The workflow has been structured as follows in order to gather further insight.
- Choosing a proper test environment
The main problem with this part has been the brainstorming process, as there are a lot of possible applications of the techniques that have been taught. Facing a huge roster of different approaches to creating intelligent agents, taking the first steps hasn’t been a trivial activity. Although there was a reasonable understanding of every technique, at the beginning of the task what was lacking was the technical expertise that would’ve allowed to understand how much time would’ve took to implement each and every technique successfully, within the deadlines. Everything has potential, and every technique can be used to make a good project.
In order to brainstorm ideas, the decision that has been taken was to select one between a few “simple” AI techniques that were deemed easy to implement, upon which could be based the first version of the game, and against which would later be compared a more complex AI.
The possible candidates for the first AI choice were Finite State Machines and more specifically Rule Based Systems, as they appeared really easy to implement.

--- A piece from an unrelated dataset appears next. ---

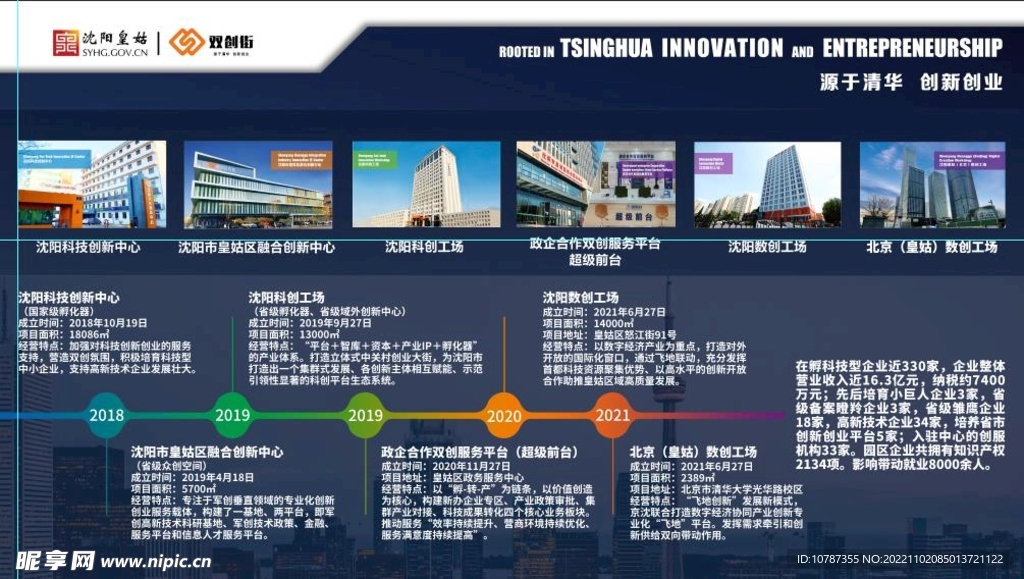 2024新奥精选免费资料,数据整合设计解析_UHD款50.514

As for the second AI, the choice was Reinforcement Learning.
At the end of the designing process, the result was the following gaming environment.
The rules are pretty simple. The game is played by two players, represented by two spheres. It is set on a board surrounded by walls, upon which we find a collection of objects. These objects are positioned randomly, so that every match is different from another, and represent two different kinds of items the player can interact and collide with.

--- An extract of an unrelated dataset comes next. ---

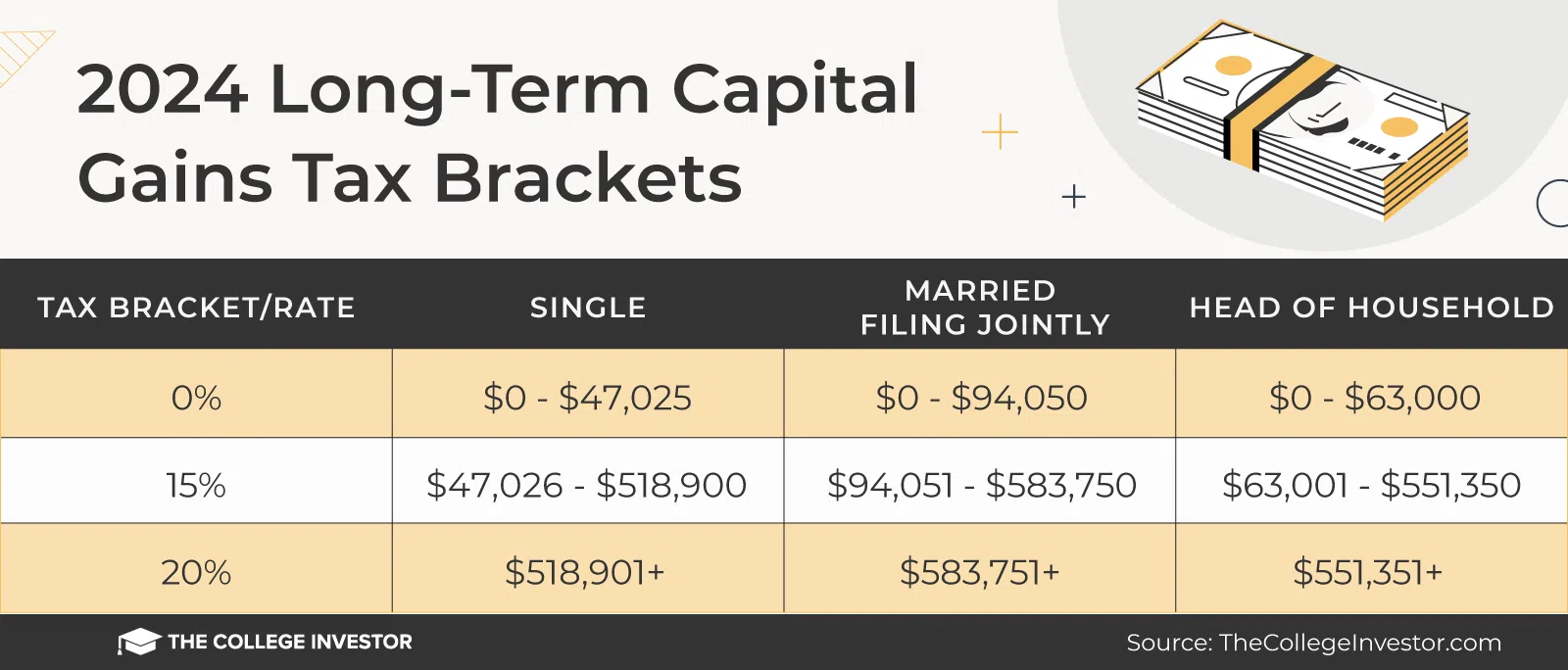 chart showing 2024 long-term capital gains tax brackets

The first item is a green cube, named Collectible. Interacting with this item increases the player’s score by 2 points. The second item, a small purple cube, is called Danger. On collision with the player it will decrease the player’s score by 1 point.
The game features a peculiar mechanic: the player with the lowest score can steal one point from the other player, by colliding against it. The collision will push the player with the higher score in the opposite direction, which, if aimed properly, may also send it flying against a Danger item, thus decreasing the score twice, or send it against a Collectible, thus having the opposite effect. The game ends as soon as all the Collectible items have been picked up: as soon as the finishing state is reached, the game declares the victory of the player that has scored more points. Some interesting variants of this game are one with a time limit, where the player’s victory would depend on how many points it has before the timer reaches the limit, or one where there are no walls: an eventual victory condition in this case would be to make the enemy fall off the platform, and vice versa for the defeat condition. To avoid overcomplicating the problem at hand, the simplest variant is the one that has been opted for this report.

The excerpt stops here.